Inflation will reach ‘astronomical’ levels over the next year, think tank warns | Inflation
Inflation will reach “astronomical” levels over the next year, forcing the Bank of England to raise interest rates higher and for longer than expected, according to a leading think tank.
The National Institute of Economic and Social Research also forecasts a long recession that will last until next year and will affect millions of the most vulnerable households, especially in the most disadvantaged regions of the country.
The NIESR said rising gasoline prices and escalating food costs will push inflation to 11% before the end of the year, while the retail price index (RPI), which is used to set rail fares and student loan repayments, is expected to hit 17.7%.
Stephen Millard, deputy director of the institute, said the economy would contract for three straight quarters, shrinking 1% by spring next year.
He added that there will be “no respite” for British households and businesses from “astronomical inflation” in the short term and “we will need interest rates of up to 3% if we want to bring it down.”
As the government is called upon to step in to provide more support to struggling families, the NIESR said average incomes will fall by a record 2.5% this year, leaving millions of families to use their savings or expensive credit to pay for essential heating and food costs this winter. .

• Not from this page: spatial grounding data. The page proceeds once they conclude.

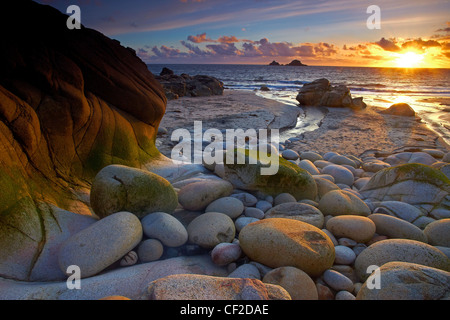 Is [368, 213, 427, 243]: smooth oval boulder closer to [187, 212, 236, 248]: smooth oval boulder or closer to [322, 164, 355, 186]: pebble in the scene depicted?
[187, 212, 236, 248]: smooth oval boulder

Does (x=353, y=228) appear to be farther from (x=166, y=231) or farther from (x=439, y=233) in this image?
(x=166, y=231)

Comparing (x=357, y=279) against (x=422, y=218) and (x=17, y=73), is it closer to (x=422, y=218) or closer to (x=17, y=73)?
(x=422, y=218)

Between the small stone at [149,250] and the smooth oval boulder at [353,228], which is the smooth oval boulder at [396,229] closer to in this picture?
the smooth oval boulder at [353,228]

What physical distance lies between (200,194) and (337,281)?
81.6 inches

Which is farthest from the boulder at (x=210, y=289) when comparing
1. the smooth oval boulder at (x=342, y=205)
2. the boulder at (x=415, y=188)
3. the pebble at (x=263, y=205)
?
the boulder at (x=415, y=188)

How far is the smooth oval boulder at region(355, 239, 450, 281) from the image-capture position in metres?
2.75

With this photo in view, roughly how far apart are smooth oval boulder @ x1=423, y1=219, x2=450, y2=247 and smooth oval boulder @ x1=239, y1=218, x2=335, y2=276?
1.55 metres

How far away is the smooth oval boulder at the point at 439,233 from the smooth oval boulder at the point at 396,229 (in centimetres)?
11

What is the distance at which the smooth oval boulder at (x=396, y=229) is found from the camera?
A: 344 centimetres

In its biannual economic health check, the think tank said the number of households without savings is expected to double to 5.3 million by 2024. Families in the North East, who rely heavily on public sector jobs, were most likely to see their savings disappear after using them to pay everyday bills.
The report painted a grimmer picture than most forecasts for the UK economy, which have tended to downplay the likelihood of a long period of contraction.
Bank of England officials will deliver their verdict on the state of the economy on Thursday when the central bank’s Monetary Policy Committee (MPC) delivers its latest interest rate decision and releases its quarterly review.
Most analysts penciled in a majority of the nine MPC members voting for a 0.5 percentage point hike in the Bank’s base rate to 1.75%, pushing most mortgage rates to 3.5% .
Concern over the rising cost of living this year has become the number one concern of households, according to recent Ipsos Mori polls, and has dominated the debate between the two candidates vying for the leadership of the Conservative Party.
In May, the Bank said inflation would rise to slightly above double digits and fall rapidly as interest rates of around 2% began to depress consumer demand.
The NIESR said it expected the Bank to keep raising rates until they hit 3% and hold them in place longer than expected to bring inflation down to 3% by the end of next year.
While around 80% of mortgage borrowers use fixed rate products, millions of them will need to remortgage at higher interest rates within the next year. Rising mortgage rates are also fueling private rental costs, which have already risen sharply in recent years.
The think tank said pay rises below inflation would become entrenched and by 2026 would mean real earnings, after accounting for inflation, would be 7% below the pre-Covid trend.
Jagjit Chadha, the director of NIESR, said the new prime minister should “focus economic policy on redistributing resources to the most financially vulnerable households and maintaining public services”.
He said it made economic sense to protect vulnerable families, renewing the institute’s call for an increase in Universal Credit payments of £25 a week at a cost of £1.35billion from October 2022 to March 2023.
The government is also set to increase the energy subsidy from £400 to £600 for 11million low-income households, at a total cost of £2.2billion, he said.
Chadha added that “to turn some of the leveling rhetoric into reality, the government should consider doubling financial support for the Towns Fund from £4.8bn to £9.6bn and expanding the attributions of the UK Infrastructure Bank; increasing its capital from £14 billion to £50 billion”.